Pearl Millet Lump Soup
1.
Millet rinse.
2.
Put it in a pot of boiling water and cook on medium heat for about 3 minutes.
3.
Remove and drain the water.
4.
Peel the red persimmon and cut into small cubes. Chop the green onions and beat the eggs.
5.
Add appropriate amount of flour to the cooked millet. Stir with chopsticks to make the flour evenly wrap the millet. The amount of flour depends on the amount of millet.
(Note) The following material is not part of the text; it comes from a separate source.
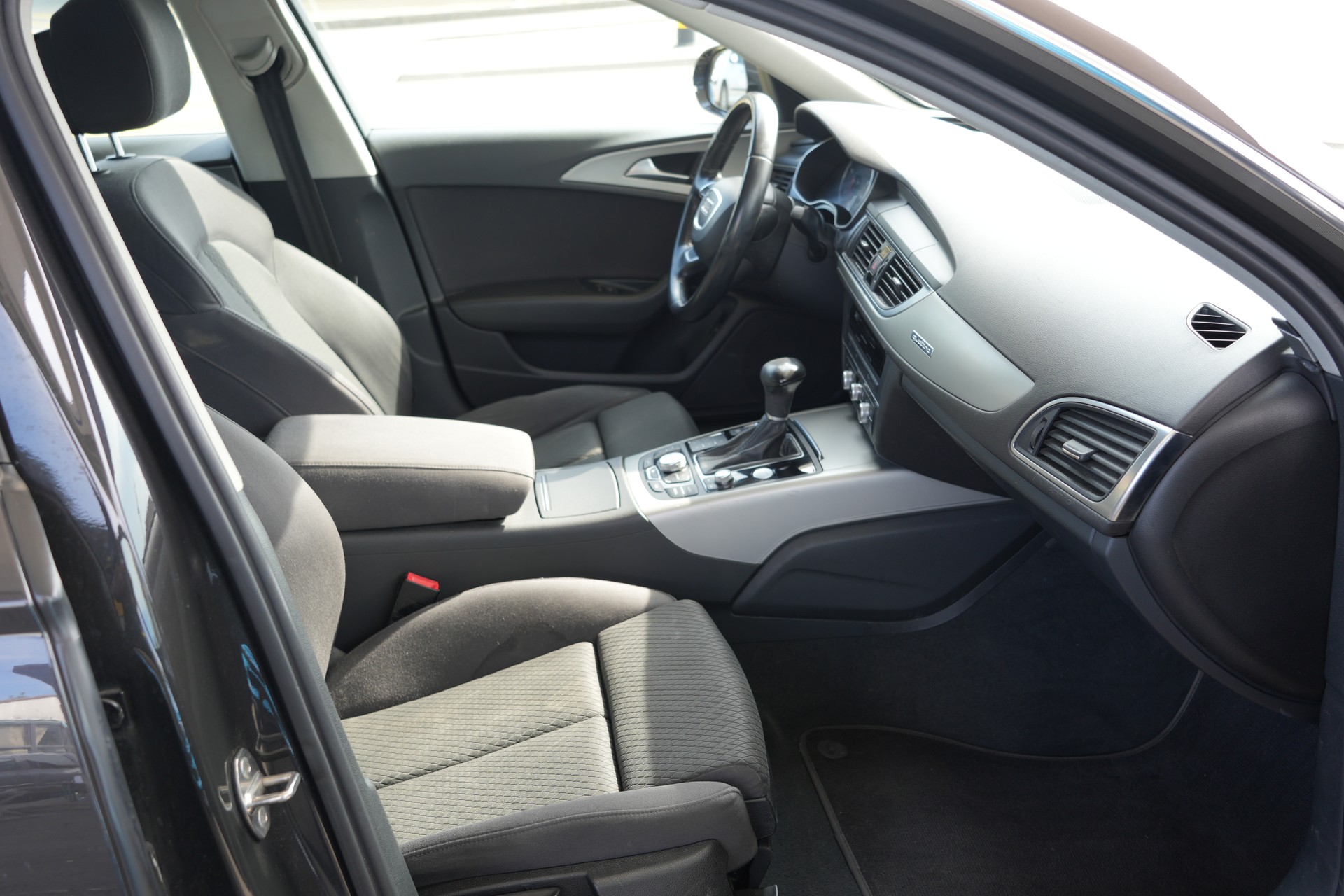 AUDI A6 Avant 3.0 TDI V6 quattro S-tronic-image-10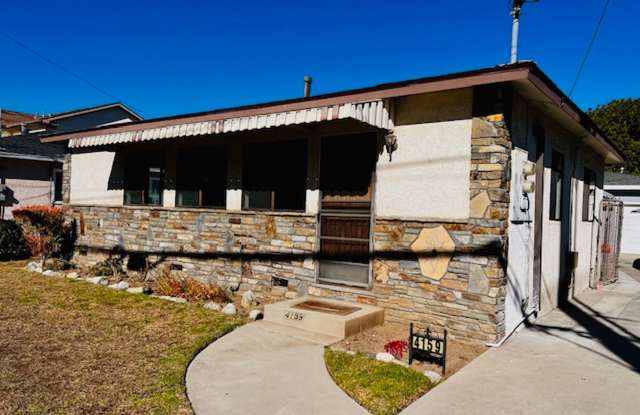 Spacious 2 bedroom 1 bath house for rent with large Garage  off st. parking photos photos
It is advisable until the millet is completely coated with flour and there is no excess dry powder.
6.
This is a mixed millet lump.
7.
Pour oil in the pot, add chopped green onion and sauté.
8.
Add tomatoes and fry until the tomatoes come out of the soup.
9.
Add tomato sauce and continue to stir fry. At the same time, add 1 tablespoon of sugar to neutralize the sour taste of tomatoes.
10.
Pour in an appropriate amount of water and bring it to a boil, then cook a little longer.
11.
Sprinkle in the millet pimple and stir well.
12.
Cook over medium heat until the soup thickens and the lumps are cooked through.
13.
Pour in the beaten egg liquid.
14.
Add pepper, salt, chicken essence, drip in sesame oil, and sprinkle in coriander leaves.
15.
Finished product.
16.
The lumps are even and pearly.
Tips:
If you mind, you can skip the chicken essence, it's already delicious. Don't cook millet for too long in the early stage.